Dakoury Godo-Solo Tackles Authenticity Through Spoken-Word Poetry

Equipped with only a microphone, Dakoury Godo-Solo ’17 stepped nervously onto the stage of Tang Theatre at the first Upper All-Class Meeting this past fall to perform an original poem. In order to calm his nerves, Godo-Solo began reciting Shakespeare under his breath, he recalled in an interview with The Phillipian.

“I really like performing and so whatever nerves I have are usually replaced by a sort of giddiness and joy when I perform. When I’m performing a poem, my whole body hums along to a song I just barely know. So while I was nervous in my earlier days, I kind of forgot those nerves as I performed more and more,” said Godo-Solo.
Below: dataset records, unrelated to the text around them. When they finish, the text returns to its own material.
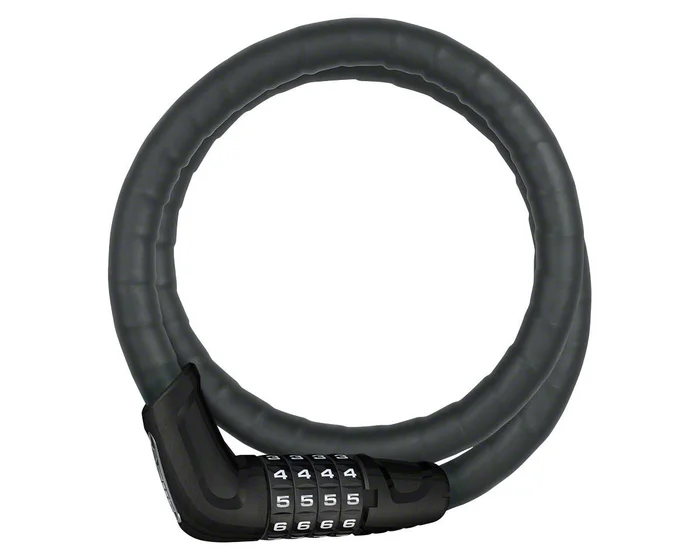 Abus Steel-O-Flex 6615C Combination Cable Lock w/ Mount (Black) (31.5″)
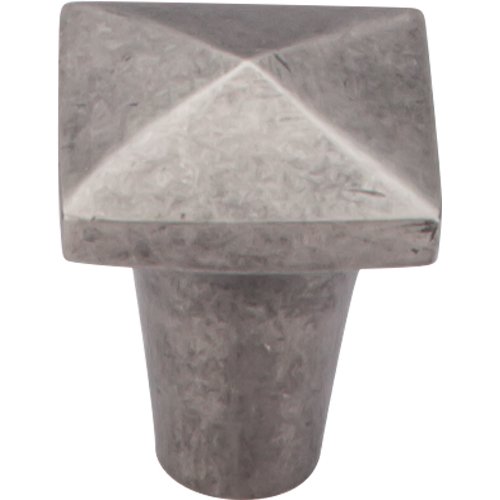 Top Knobs - Aspen 7/8 Inch Length Square Knob - Silicon Bronze Light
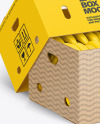 Paper Box with Bananas Mockup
Godo-Solo was first introduced to poetry in the summer of 2011 when he participated in Andover Bread Loaf, a middle and high school program dedicated to writing. From there, Godo-Solo’s affinity for writing poetry grew. In eighth grade, he discovered a collection of videos of slam poetry, the art of reading poetry aloud, on YouTube. The videos inspired him to begin exploring poetry as a means of expression.

“What spoken-word poetry allowed me to do is to punctuate things in the way that I knew they should sound. I know how the words sound in my head, and when I say them, I can make them sound exactly how they sound in my head. But coming from a more performing background, it just felt natural to be yelling and punctuating things the way I wanted them to happen, because it was kind of what I was used to,” said Godo-Solo.

Godo-Solo said the main inspiration for his poems comes from his daily experiences. He always aims to share the most interesting aspects of himself truthfully, no matter how nerve-racking it may be to share these parts of himself.

“Authenticity scares me,” said Godo-Solo. “That’s what gets me nervous through every part of my poem. Because [the] truth and having my audience like me always seem to be two contradictory forces in my writing… You can kind of hide behind a written poem, you can submit it anonymously, you can do a lot of things to kind of make it less than what it is. But in a slam poem, you’re there, you’re like, ‘This is my whole heart, here. Please don’t trample on it,’ or ‘This is my art, these are the things that I think and the words that come out of my brain, please don’t hate me, dislike me or shame me for these things that I made.’”

During his Lower year, Godo-Solo co-founded Word, the spoken-word poetry club on campus, with Cam Mesinger ’16, Chaya Holch ’17 and Rosie Poku ’17. Word has allowed Godo-Solo to establish himself as a poet on campus and has provided him with additional inspiration by exposing him to other people’s work and poetry styles.

“Listening to other people’s poetry really gives me perspective on my own poetry and allows me to distance myself, because in my head, poetry sounds one way, but there are a lot of cool things that other people do that I kind of take note of, and I’m like, ‘I really wanna do this later.’ The accessibility of different poems and poets like Danez Smith, Anthony McPherson and Franny Choi, who came to campus last year: they’re [also] all very inspiring,” he said.

Godo-Solo said poetry has helped shape his identity at Andover. He uses it as a means of expressing his frustration or emotions.
“If I didn’t have poetry, I would be like a snowball of anger, and I’d just keep rolling down this hill until I was big and crushing everything in my life, which is not good… [Poetry] not only lets me escape, but lets me understand things that I don’t think I ever could have understood if I did not have poetry,” said Godo-Solo.

Editor’s Note: Chaya Holch is an Associate Commentary Editor for The Phillipian.